Immutability in DTOs?

Something that comes up every so often is the question of whether or not Data Transfer Objects should be immutable - that is, should our design of the classes and types of a DTO enforce immutability.

To answer this question, we first need to look at what purpose a DTO serves. As the name explicitly calls out, it is an object that is used to carry data between processes. In practice, we don't literally transport an object back and forth between processes, and instead there is some form of serialization.

Where the waters get muddied is when types are used to describe message contracts - whether in asynchronous communication in the form of messaging or APIs. Given our usage of DTOs these days, why might we want to enforce immutability?

Benefits of immutability

The primary benefit of immutability is, well, you can't change the object! That makes a lot of sense on the receiving side of a communication - I shouldn't be able to change the message, even it's a deserialized version of that message.

There are some cases where I might want to be able to change a message as it flows through the system. For example, with a Document Message, I often pass the same message between many endpoints, and each endpoint processes the message and adds its own information as it goes along, sometimes with an attached Routing Slip.

This is rarer case, however, and what often winds up happening is I'm not mutating the original message, but the deserialized copy of the message, arriving in the form of the object.

By far the majority of cases are the receiver should not modify the message upon receipt. Sounds great! So why don't we actually do this?
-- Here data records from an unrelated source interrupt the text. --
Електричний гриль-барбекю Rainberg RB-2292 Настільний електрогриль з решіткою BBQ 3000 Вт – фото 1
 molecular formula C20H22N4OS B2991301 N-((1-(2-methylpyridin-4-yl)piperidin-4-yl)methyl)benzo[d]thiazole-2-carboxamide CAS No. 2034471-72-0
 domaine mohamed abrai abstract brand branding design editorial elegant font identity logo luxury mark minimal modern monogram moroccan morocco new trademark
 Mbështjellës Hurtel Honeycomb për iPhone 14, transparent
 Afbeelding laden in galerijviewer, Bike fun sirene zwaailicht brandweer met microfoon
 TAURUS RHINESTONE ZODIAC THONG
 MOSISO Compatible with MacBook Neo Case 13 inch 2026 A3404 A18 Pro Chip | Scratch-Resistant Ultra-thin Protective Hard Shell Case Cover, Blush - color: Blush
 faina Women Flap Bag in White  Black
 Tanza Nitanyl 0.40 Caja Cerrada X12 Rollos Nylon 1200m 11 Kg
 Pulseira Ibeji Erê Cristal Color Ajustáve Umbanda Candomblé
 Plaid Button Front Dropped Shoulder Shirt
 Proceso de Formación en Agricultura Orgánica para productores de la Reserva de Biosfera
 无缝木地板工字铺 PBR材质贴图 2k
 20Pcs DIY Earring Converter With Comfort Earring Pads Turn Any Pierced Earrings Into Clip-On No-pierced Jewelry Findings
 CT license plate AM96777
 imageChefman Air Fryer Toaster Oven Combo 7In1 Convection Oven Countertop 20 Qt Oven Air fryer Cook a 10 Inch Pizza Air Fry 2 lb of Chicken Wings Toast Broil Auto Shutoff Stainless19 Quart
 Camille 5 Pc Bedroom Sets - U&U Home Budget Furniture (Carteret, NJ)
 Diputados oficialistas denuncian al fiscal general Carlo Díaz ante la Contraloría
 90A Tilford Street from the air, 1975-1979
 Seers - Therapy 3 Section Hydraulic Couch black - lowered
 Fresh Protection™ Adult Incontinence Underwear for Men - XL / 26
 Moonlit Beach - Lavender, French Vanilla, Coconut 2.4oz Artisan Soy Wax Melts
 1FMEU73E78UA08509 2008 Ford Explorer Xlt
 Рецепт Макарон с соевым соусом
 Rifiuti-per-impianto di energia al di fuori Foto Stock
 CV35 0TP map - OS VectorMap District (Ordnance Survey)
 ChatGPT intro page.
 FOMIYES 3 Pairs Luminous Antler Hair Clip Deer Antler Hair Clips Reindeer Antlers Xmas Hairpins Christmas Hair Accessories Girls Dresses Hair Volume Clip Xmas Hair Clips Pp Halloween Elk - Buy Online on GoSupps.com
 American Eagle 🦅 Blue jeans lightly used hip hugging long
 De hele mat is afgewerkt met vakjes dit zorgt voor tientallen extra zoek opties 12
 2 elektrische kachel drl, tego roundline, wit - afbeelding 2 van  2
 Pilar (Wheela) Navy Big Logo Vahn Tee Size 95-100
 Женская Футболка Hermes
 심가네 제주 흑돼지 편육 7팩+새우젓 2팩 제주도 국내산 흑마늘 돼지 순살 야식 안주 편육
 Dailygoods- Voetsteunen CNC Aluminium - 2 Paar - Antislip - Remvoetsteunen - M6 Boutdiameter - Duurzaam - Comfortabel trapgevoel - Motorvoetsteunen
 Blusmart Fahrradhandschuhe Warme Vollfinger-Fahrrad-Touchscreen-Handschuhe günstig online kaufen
Immutability in a mutable world

The main issue with immutability is that it depends on your language, platform, and even tooling, to support this.

In my systems, the default message content type is application/json, and the senders/receivers are .NET/C# or JavaScript/TypeScript. The main hurdle is that neither of these languages, or the platforms and tooling, support immutability out-of-the-box.

In order to declare an Order message as immutable, it's fairly complex. You have to make sure all write paths are initialized on construction:

public class Order {
  public Order(Customer customer, List<LineItem> lineItems) {
    Customer = customer;
    LineItems = new ReadOnlyCollection<LineItem>(lineItems);
  }
  public Customer Customer { get; }
  public IReadOnlyCollection<LineItem> LineItems { get; }
}
public class Customer {
  public Customer (string firstName, string lastName) {
    // my fingers are tired
  }
  public string FirstName { get; }
  public string LastName { get; }
  // etc
}
public class LineItem {
  public class LineItem(int quantity, decimal total, Product product) {
    // mommy are we there yet
  }
  public decimal Total { get; }
  public int Quantity { get; }
  public Product Product { get; }
}

Because C# doesn't have first-class support for an "immutable" type (like an F# Record Type), it takes a LOT of typing to build out these structures.

When you're done, you'll find that constructing these types is a huge pain. You'll get very long construction declarations:

var order = new Order(
   new Customer(
     "Bob",
     Saget"),
   new {
     new LineItem(10, 100m,
       new Product(
       )
   }
 );
     

Gross! How do we know what value corresponds to which property? We can add named arguments to make it readable, but those are optional, and still don't correspond to the actual property names (all camelCase). Typically you see no parameter names, making it quite difficult to understand how this all fits together.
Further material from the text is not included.